El Banquete de Bodas: Cuando lo que menos importa es el banquete

Poster de El Banquete de Bodas

Título original: The Catered Affair.
País: Estados Unidos.
Año: 1956.
Director: Richard Brooks.
Guión: Gore Vidal.
Reparto: Bette Davis, Ernest Borgnine, Debbie Reynolds, Barry Fitzgerald, Rod Taylor, Dorothy Stickney, Robert F. Simon, Madge Kennedy, Joan Camden.
Duración: 92 minutos.

Jane Hurley (Debbie Reynolds) les dice a sus padres, el taxista Tom (Ernest Borgnine) y la ama de casa Agnes (Bette Davis) que va a casarse pero que no quiere una gran boda. Tom, que quiere comprar con un compañero el primer taxi propio que va a tener en su carrera, casi da por perdido su dinero cuando Agnes se empeña en que su hija debe tener la boda que ella nunca tuvo.

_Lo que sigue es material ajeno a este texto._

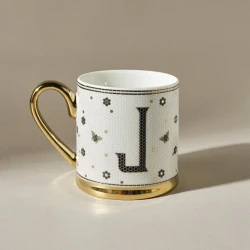 Karaca Letter J Mug 330 ml – Elegant Ceramic Coffee & Tea Mug with Personalized Letter J Design, Durable for Everyday Use, Perfect Gift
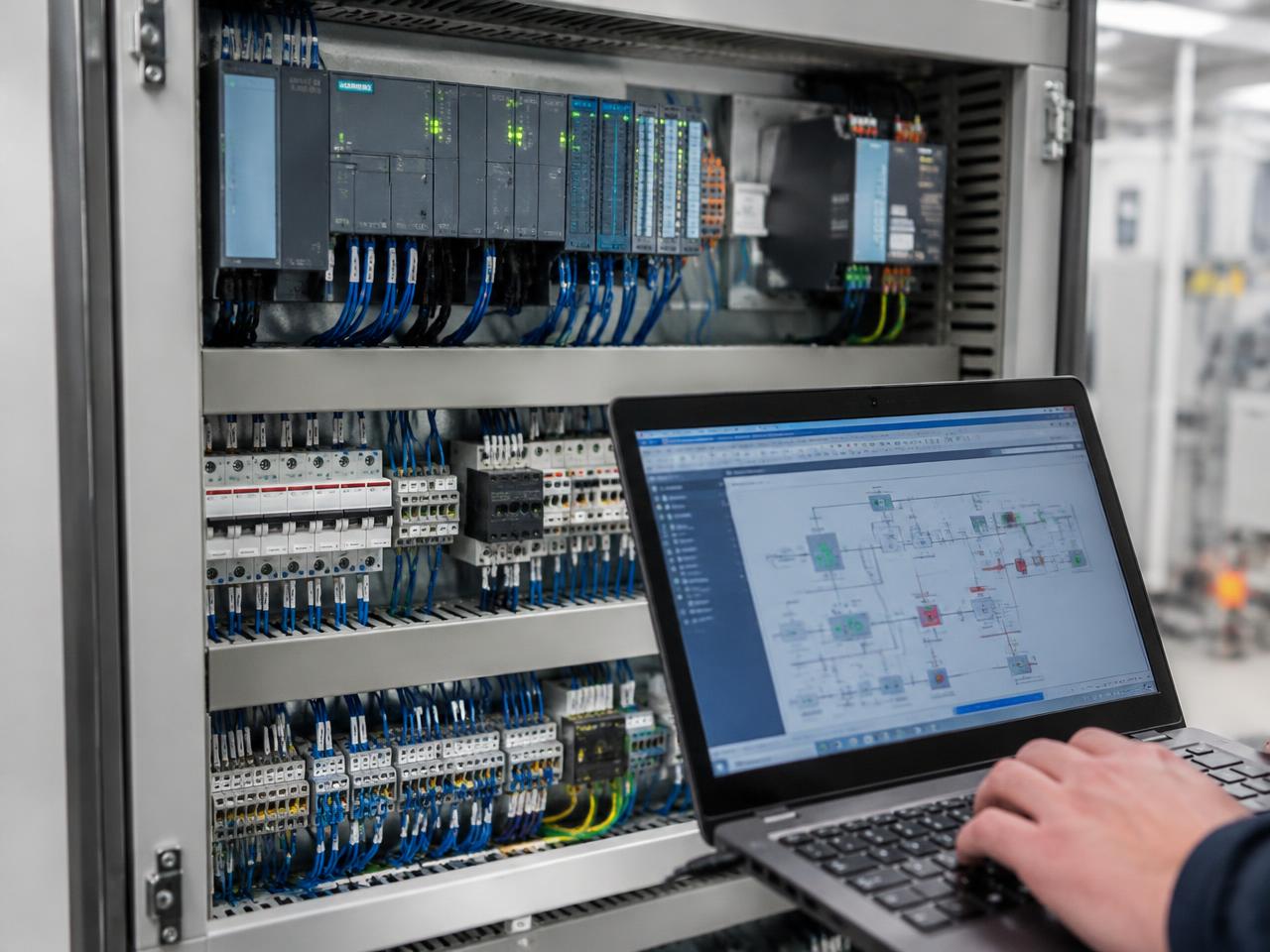 PLC control panel with SCADA on laptop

Jane al final se autoconvence de ello, y también convence a su prometido, Ralph Halloran (Rod Taylor), para cumplir los deseos de su madre aunque más problemas surgen cuando su mejor amiga Alice (Joan Camden), quien tiene que ser su madrina, le diga que no dispone de dinero para pagar el traje y el vestido de su marido.

Debbie Reynolds y Bette Davis en El Banquete de Bodas

Así, Jane tratará de que su madre entre en razón y más ahora que las discusiones con Tom son más frecuentes a cuenta del dinero y de cosas del pasado. Pero Agnes sigue erre que erre para que su hija tenga una boda por todo lo alto en uno de los mejores hoteles de Nueva York. Tom, que es poco hablador, acaba tragándose sus sueños para lograr que su hija sea feliz y que su esposa también lo sea pero tal vez la razón acabe entrado por la puerta del piso de los Hurley.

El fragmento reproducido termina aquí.